## Source data

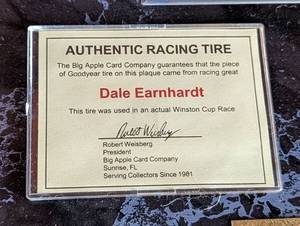 lot 76 image: NASCAR Dale Earnhardt Sr Plaque with Piece of Race Tire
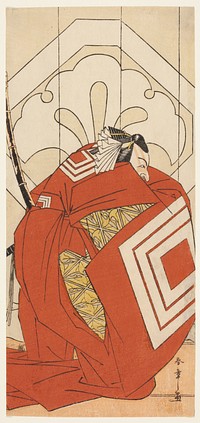 The Actor Ichikawa Danjuro V in a "Shibaraku" Role, Probably as Kato Hyoeisa Shigemitsu, in the Third Scene of the Play Masakado Kammuri no Hatsuyuki (The First Snow on Taira no Masakado's Court Headdress), Performed at the Nakamura Theater in the Eleventh Month, 1777 by Katsukawa Shunsho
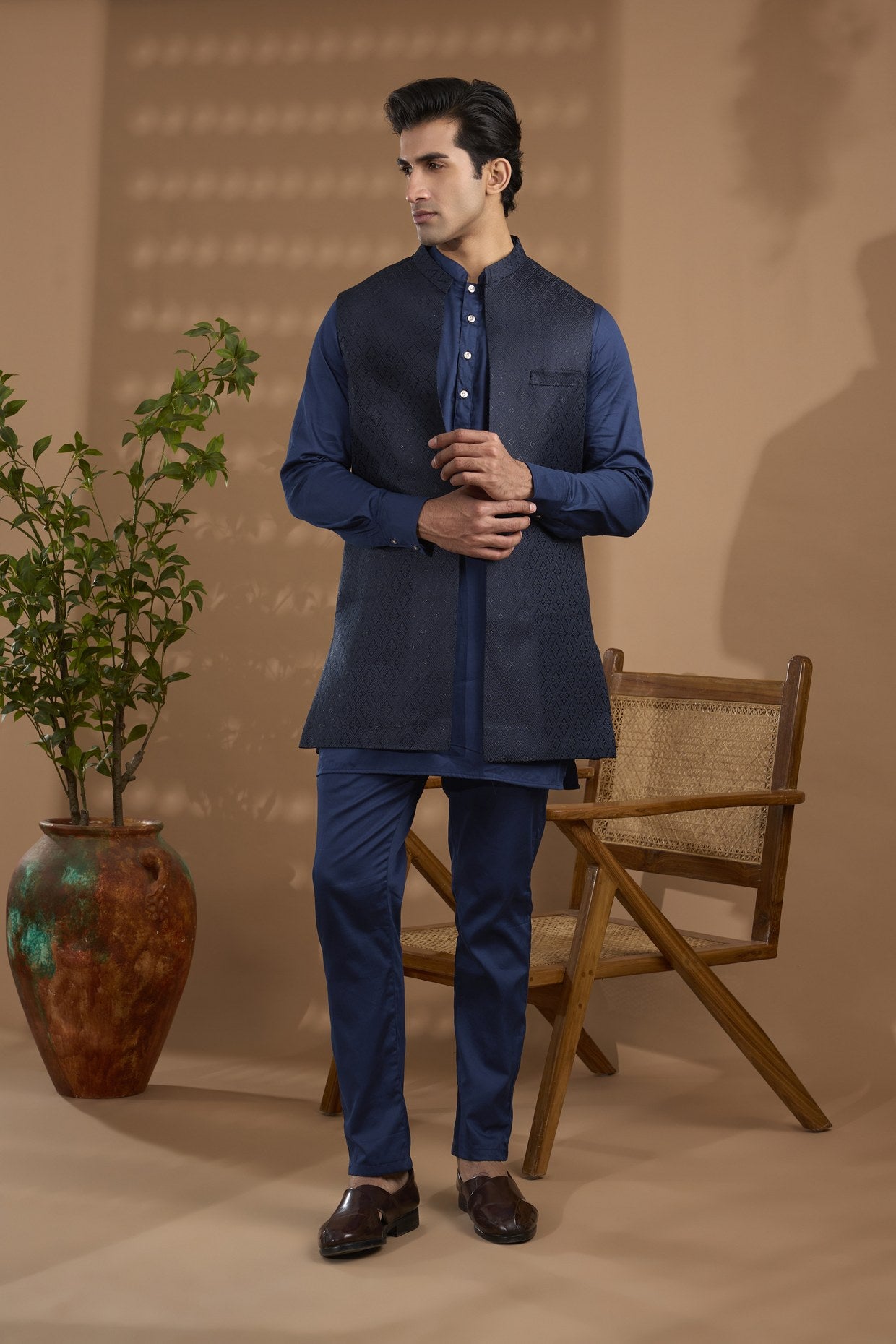 Navy Jacquard Indowestern Set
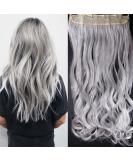 61cm Silver-Gray Clip-In Hair Extensions | Human Hair Wavy Weft with 5 Clips - 120g - Buy Online on GoSupps.com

## What you should do
Print the listing again exactly as it appears, except for the pictures, which stay out.

## Output of the exercise
 lot 76 image: NASCAR Dale Earnhardt Sr Plaque with Piece of Race Tire
 The Actor Ichikawa Danjuro V in a "Shibaraku" Role, Probably as Kato Hyoeisa Shigemitsu, in the Third Scene of the Play Masakado Kammuri no Hatsuyuki (The First Snow on Taira no Masakado's Court Headdress), Performed at the Nakamura Theater in the Eleventh Month, 1777 by Katsukawa Shunsho
 Navy Jacquard Indowestern Set
 61cm Silver-Gray Clip-In Hair Extensions | Human Hair Wavy Weft with 5 Clips - 120g - Buy Online on GoSupps.com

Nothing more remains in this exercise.